▼▼▼

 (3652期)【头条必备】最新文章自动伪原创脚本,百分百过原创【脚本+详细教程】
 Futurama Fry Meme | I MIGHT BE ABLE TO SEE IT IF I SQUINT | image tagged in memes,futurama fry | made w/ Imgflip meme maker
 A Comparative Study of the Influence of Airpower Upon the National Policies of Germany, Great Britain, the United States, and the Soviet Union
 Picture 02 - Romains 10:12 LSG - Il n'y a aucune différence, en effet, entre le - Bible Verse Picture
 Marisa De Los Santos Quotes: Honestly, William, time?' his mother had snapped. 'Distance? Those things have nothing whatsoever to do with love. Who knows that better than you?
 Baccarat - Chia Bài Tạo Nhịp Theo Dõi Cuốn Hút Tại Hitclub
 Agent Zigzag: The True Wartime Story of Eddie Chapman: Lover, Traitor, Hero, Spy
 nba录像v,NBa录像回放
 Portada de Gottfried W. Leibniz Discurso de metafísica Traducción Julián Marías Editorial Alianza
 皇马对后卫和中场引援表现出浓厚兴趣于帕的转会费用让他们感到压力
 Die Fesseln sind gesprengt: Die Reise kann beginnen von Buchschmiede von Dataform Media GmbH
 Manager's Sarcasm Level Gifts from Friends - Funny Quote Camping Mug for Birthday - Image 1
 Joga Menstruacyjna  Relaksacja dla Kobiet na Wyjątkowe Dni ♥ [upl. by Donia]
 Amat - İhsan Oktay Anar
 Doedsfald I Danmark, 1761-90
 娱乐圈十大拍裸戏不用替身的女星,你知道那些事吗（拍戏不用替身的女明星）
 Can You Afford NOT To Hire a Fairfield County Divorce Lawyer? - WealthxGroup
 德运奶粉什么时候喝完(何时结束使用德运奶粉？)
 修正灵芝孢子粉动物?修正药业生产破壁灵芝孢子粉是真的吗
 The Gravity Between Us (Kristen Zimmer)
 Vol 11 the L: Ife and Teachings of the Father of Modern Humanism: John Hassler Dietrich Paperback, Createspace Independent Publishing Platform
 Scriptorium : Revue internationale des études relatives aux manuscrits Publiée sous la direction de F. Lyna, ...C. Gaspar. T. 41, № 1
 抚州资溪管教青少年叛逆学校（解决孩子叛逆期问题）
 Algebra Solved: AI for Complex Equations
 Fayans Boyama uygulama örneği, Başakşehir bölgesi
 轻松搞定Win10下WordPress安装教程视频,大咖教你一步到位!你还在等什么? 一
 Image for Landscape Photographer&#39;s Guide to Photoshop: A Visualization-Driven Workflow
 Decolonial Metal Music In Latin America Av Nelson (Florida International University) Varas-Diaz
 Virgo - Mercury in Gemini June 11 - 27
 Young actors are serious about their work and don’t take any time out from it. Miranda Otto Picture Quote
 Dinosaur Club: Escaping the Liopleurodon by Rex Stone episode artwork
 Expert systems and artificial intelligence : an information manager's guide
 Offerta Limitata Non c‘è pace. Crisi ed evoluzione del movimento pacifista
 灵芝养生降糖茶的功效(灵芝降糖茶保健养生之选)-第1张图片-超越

▲▲▲

An exact transcription of the data above is required.

**Solution**
 (3652期)【头条必备】最新文章自动伪原创脚本,百分百过原创【脚本+详细教程】
 Futurama Fry Meme | I MIGHT BE ABLE TO SEE IT IF I SQUINT | image tagged in memes,futurama fry | made w/ Imgflip meme maker
 A Comparative Study of the Influence of Airpower Upon the National Policies of Germany, Great Britain, the United States, and the Soviet Union
 Picture 02 - Romains 10:12 LSG - Il n'y a aucune différence, en effet, entre le - Bible Verse Picture
 Marisa De Los Santos Quotes: Honestly, William, time?' his mother had snapped. 'Distance? Those things have nothing whatsoever to do with love. Who knows that better than you?
 Baccarat - Chia Bài Tạo Nhịp Theo Dõi Cuốn Hút Tại Hitclub
 Agent Zigzag: The True Wartime Story of Eddie Chapman: Lover, Traitor, Hero, Spy
 nba录像v,NBa录像回放
 Portada de Gottfried W. Leibniz Discurso de metafísica Traducción Julián Marías Editorial Alianza
 皇马对后卫和中场引援表现出浓厚兴趣于帕的转会费用让他们感到压力
 Die Fesseln sind gesprengt: Die Reise kann beginnen von Buchschmiede von Dataform Media GmbH
 Manager's Sarcasm Level Gifts from Friends - Funny Quote Camping Mug for Birthday - Image 1
 Joga Menstruacyjna  Relaksacja dla Kobiet na Wyjątkowe Dni ♥ [upl. by Donia]
 Amat - İhsan Oktay Anar
 Doedsfald I Danmark, 1761-90
 娱乐圈十大拍裸戏不用替身的女星,你知道那些事吗（拍戏不用替身的女明星）
 Can You Afford NOT To Hire a Fairfield County Divorce Lawyer? - WealthxGroup
 德运奶粉什么时候喝完(何时结束使用德运奶粉？)
 修正灵芝孢子粉动物?修正药业生产破壁灵芝孢子粉是真的吗
 The Gravity Between Us (Kristen Zimmer)
 Vol 11 the L: Ife and Teachings of the Father of Modern Humanism: John Hassler Dietrich Paperback, Createspace Independent Publishing Platform
 Scriptorium : Revue internationale des études relatives aux manuscrits Publiée sous la direction de F. Lyna, ...C. Gaspar. T. 41, № 1
 抚州资溪管教青少年叛逆学校（解决孩子叛逆期问题）
 Algebra Solved: AI for Complex Equations
 Fayans Boyama uygulama örneği, Başakşehir bölgesi
 轻松搞定Win10下WordPress安装教程视频,大咖教你一步到位!你还在等什么? 一
 Image for Landscape Photographer&#39;s Guide to Photoshop: A Visualization-Driven Workflow
 Decolonial Metal Music In Latin America Av Nelson (Florida International University) Varas-Diaz
 Virgo - Mercury in Gemini June 11 - 27
 Young actors are serious about their work and don’t take any time out from it. Miranda Otto Picture Quote
 Dinosaur Club: Escaping the Liopleurodon by Rex Stone episode artwork
 Expert systems and artificial intelligence : an information manager's guide
 Offerta Limitata Non c‘è pace. Crisi ed evoluzione del movimento pacifista
 灵芝养生降糖茶的功效(灵芝降糖茶保健养生之选)-第1张图片-超越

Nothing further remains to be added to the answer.